China's forex reserves down by record $93.9bn

© Kim Kyung-Hoon
China’s foreign exchange reserves fell to $3.56 trillion last month as the country’s central bank intervened in the currency market to prop up the yuan and prevent capital outflow.

The reserves were down by almost $94 billion from July, plunging for four consecutive months, the People’s Bank of China (PBOC) said on Monday.

The multibillion cutback is the sharpest monthly drop in reserves on record. China’s FX reserves, which have been falling from last year’s June peak of $3.99 trillion, stood at $3.65 trillion in July.

READ MORE: China stages biggest currency devaluation in 20 yrs to revive exports

The Central Bank of China increased its intervention to stabilize the national currency after the yuan’s devaluation in August. Since then the bank has been selling its dollar holdings to prevent the currency from sliding further, and to stop the accelerated outflows. Beijing stepped up efforts as investors started taking money out of the country due to growing concerns over the world’s second largest economy.
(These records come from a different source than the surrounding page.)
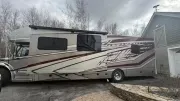 used Other Trailers Renegade  for sale, in Omaha, NE Thumbnail 3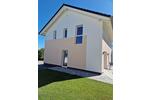 Einfamilienhaus Warstein - 4 Zimmer, 126 m&sup2;, 452.700&euro; | Angebot:26427052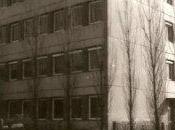 Conclusion Histoire collège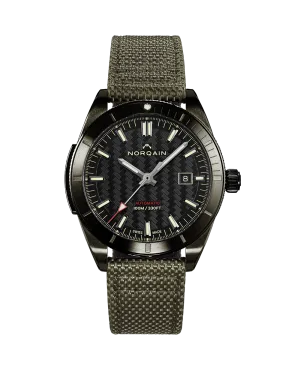 NB1000B01A/B102 Adventure Sport 42MM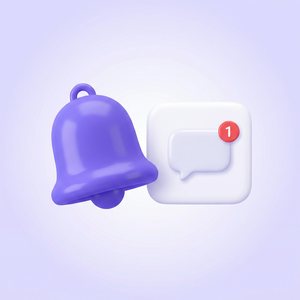 Viber备份数据大小管理方法 - Viber官网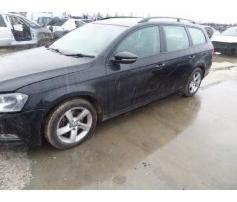 suport motor vw passat b7 2.0tdi combi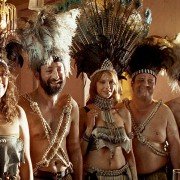 Safari - galeria zdjęć - filmweb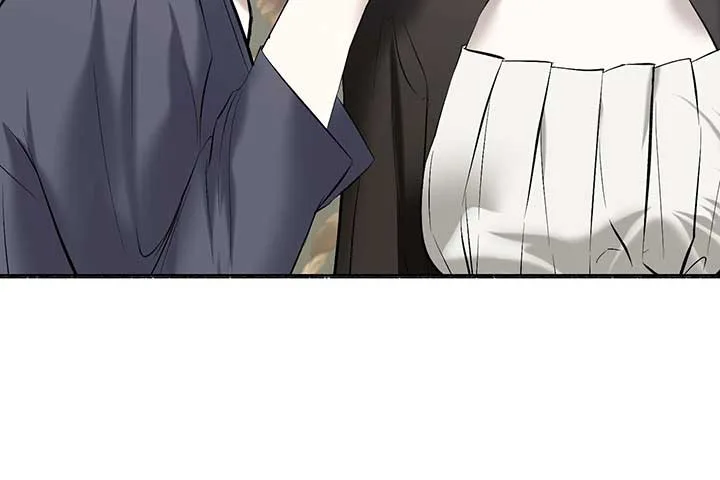 My Angelic Husband is actually a Devil in Disguise Chapter 96 page 72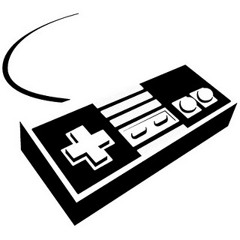 Alien Ant Farm - Movies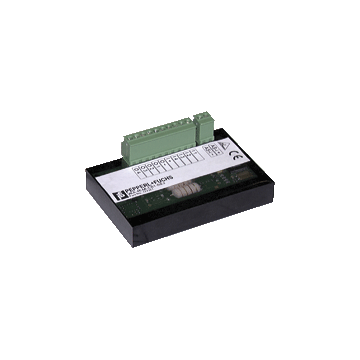 VAA-4E4A-CB1-Z/E2 - 127361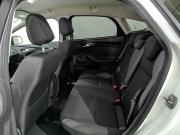 Ford Focus III Рестайлинг Химки  - изображение 44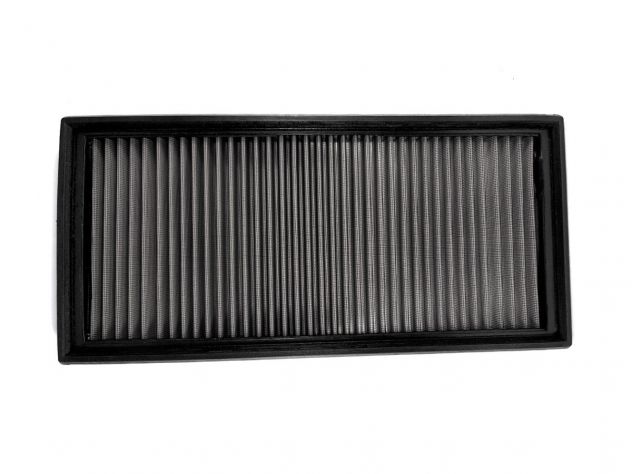 FILTRO P037 SPRINTFILTER AUDI Q7 (4L) 3.0 TFSI 272 2010+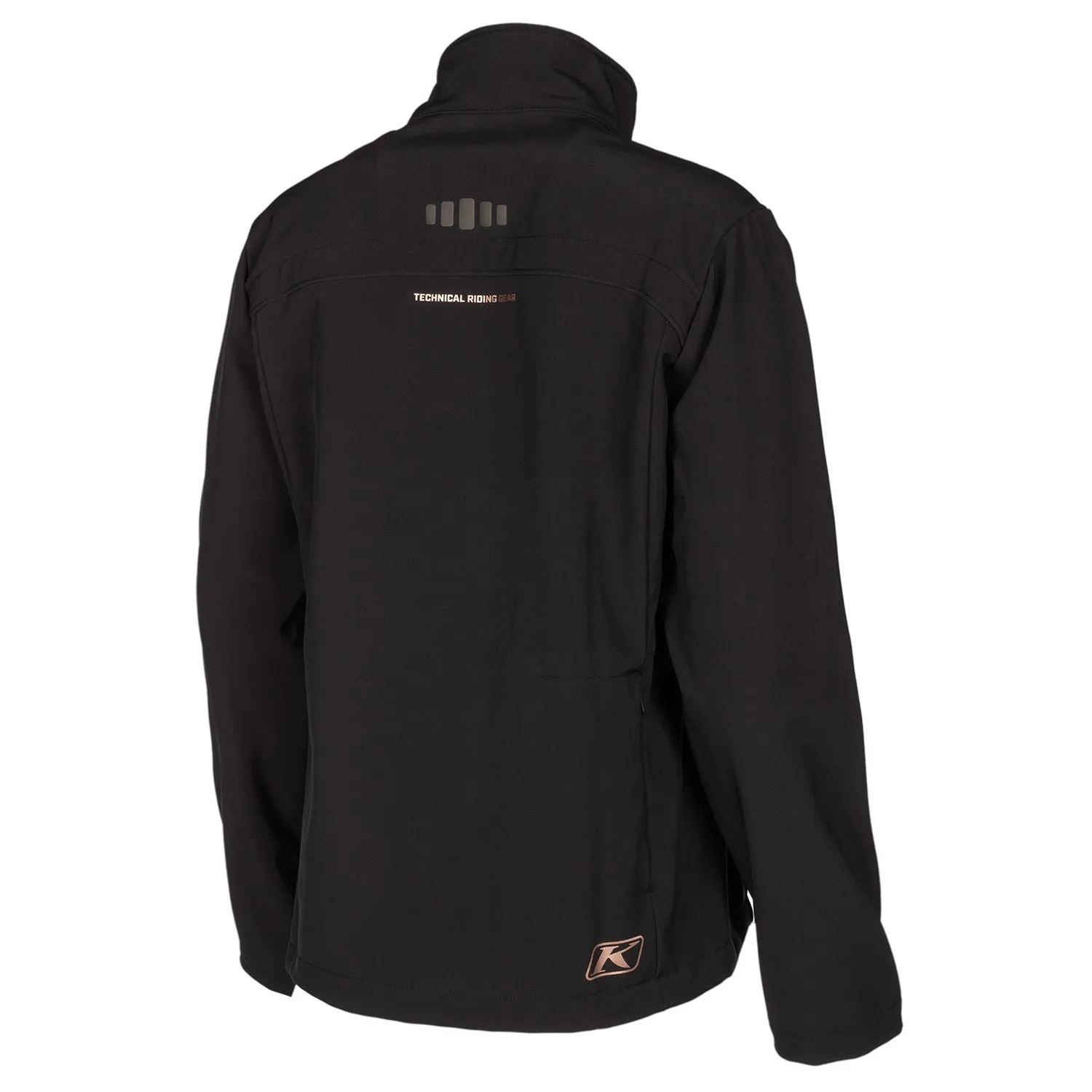 KLIM Whistler Jacket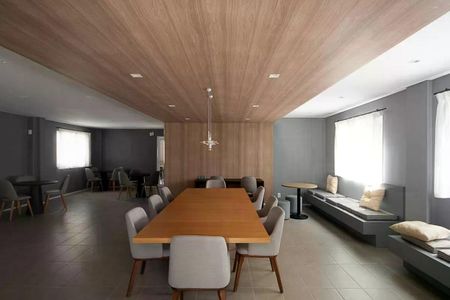 Apartamento à venda com 2 quartos, 48m² em Vila Maria, São Paulo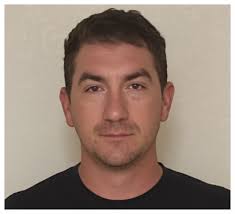 Motorcyclist injured in Chico accident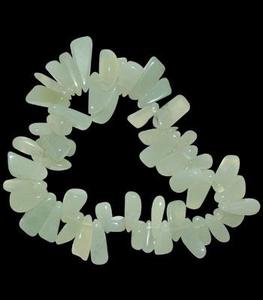 PULSERA JADE CHIP HAWAII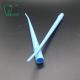 1/4" Disposable Curved Surgical Suction Tips Dental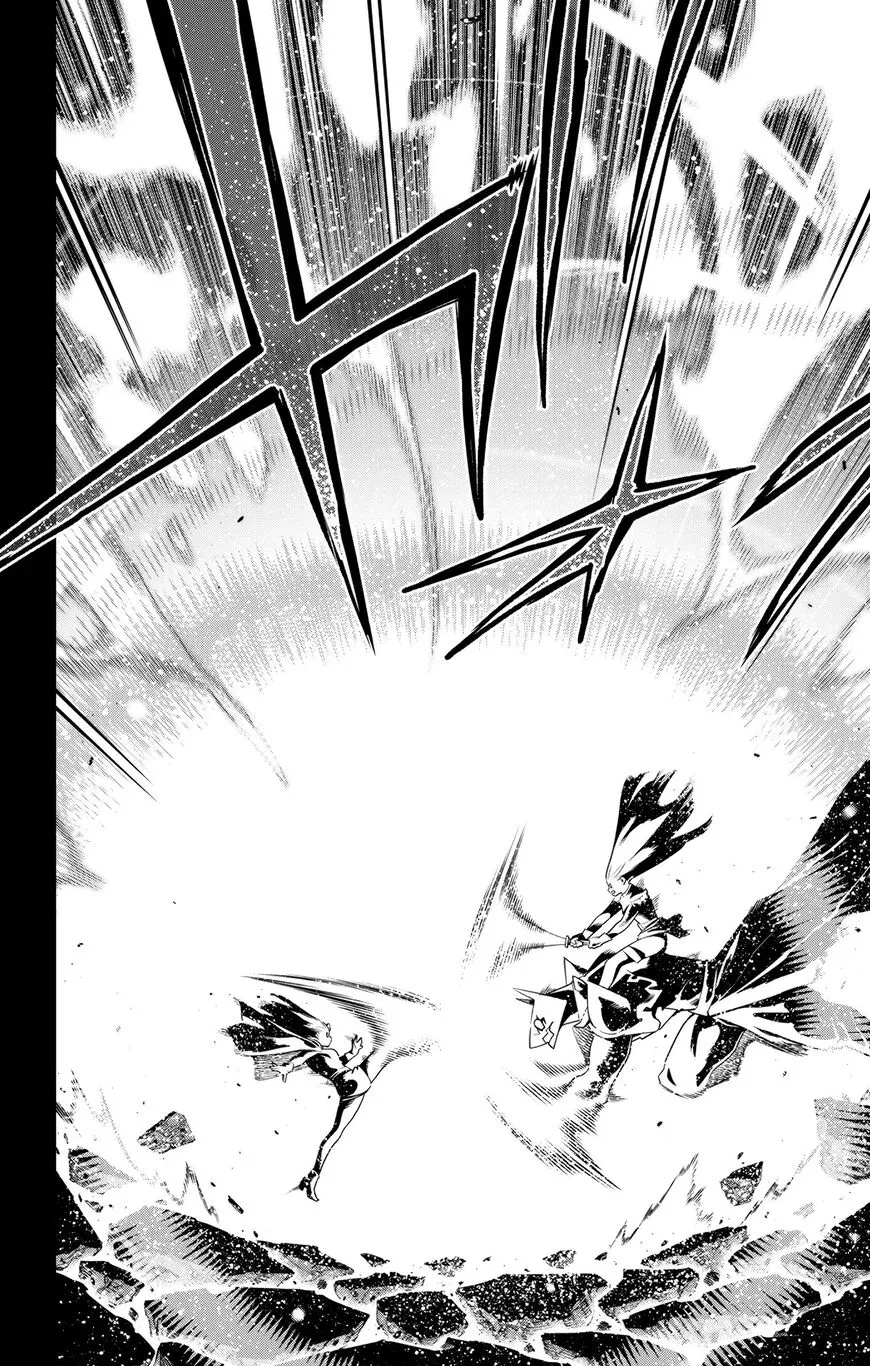 Read Mato Seihei no Slave EN Manga Online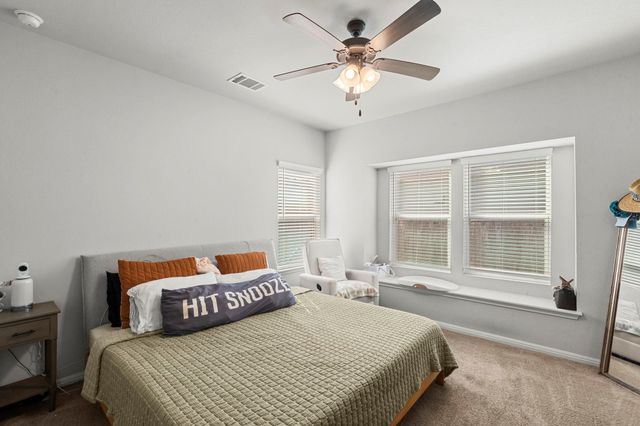 6217 Gunflint DR, Austin, TX 78747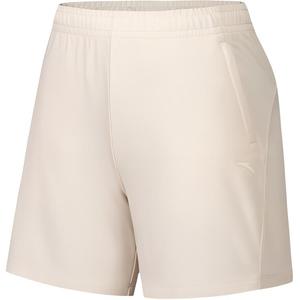 Спортивные шорты для тренировок Women's ANTA, серый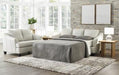 Genoa Sofa Sleeper - Furniture Max (Falls Church,VA) *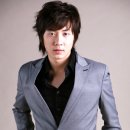 박서연헤어 Daum카페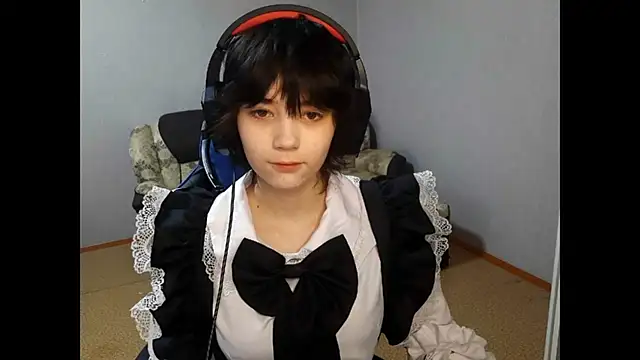 Snapshot of ShaynaLinley chatting on April 2026 09:15:01 AM ShaynaLinley online show from April 2026 09:15:01 AM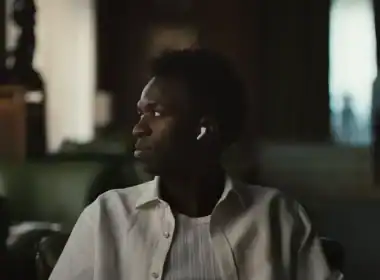 airpods ads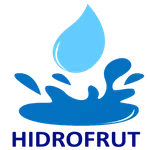 HidroFrut icon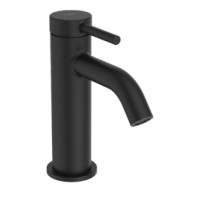 app.product-showproduct-thumb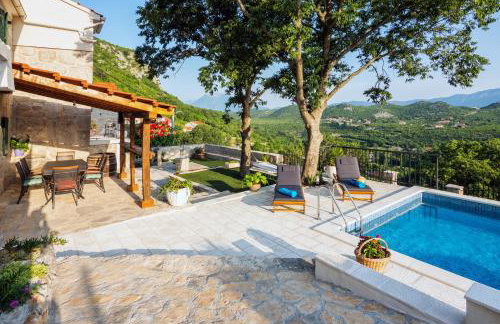 Villa Eterna 1806 - Photo 21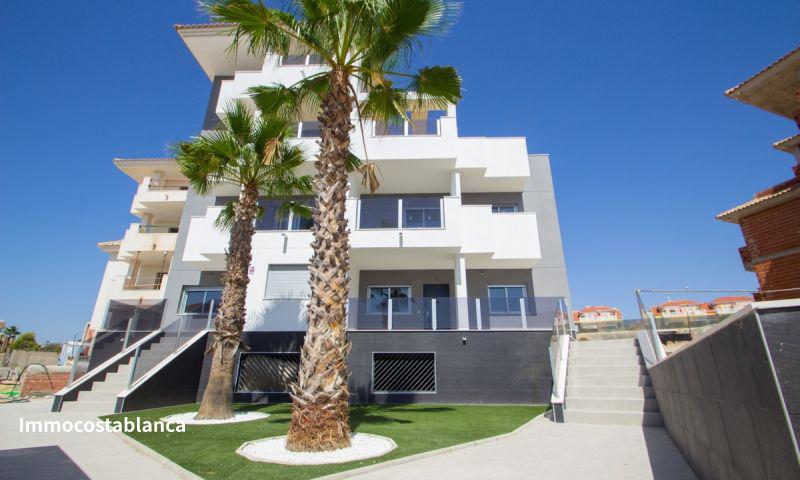 Apartment in Orihuela Costa, 65 m², 283,000 €, photo 6, listing 77167536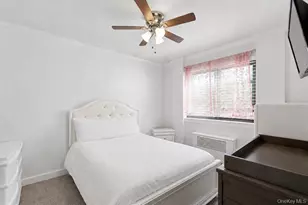 155-17 79th St, Howard Beach, NY 11414 - Photo 10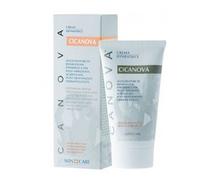 Canova Cicanova Crema Riparatrice 50 ml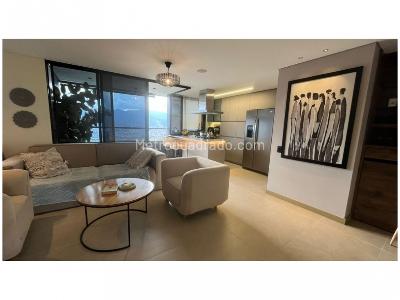 Apartamento en venta en Las Palmas, Medellín · foto 3 de 15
"Further intervention can be expected as China reiterates to maintain a 'stable currency'," Hao Zhou, an analyst at Commerzbank told the Financial Times.

READ MORE: Markets slide with China’s manufacturing down to 6-year low

Beijing has been struggling to boost its cooling economy and more than a 40 percent stock market slump since the middle of June. In August, the country’s manufacturing sector fell to its lowest level in six years. The disappointing data has rattled investors, causing financial markets to drop around the world.

The Chinese government cut interest rates for the fifth time since November and pledged to support the market by buying stocks. But all efforts by Beijing to stabilize its faltering economy have so far failed.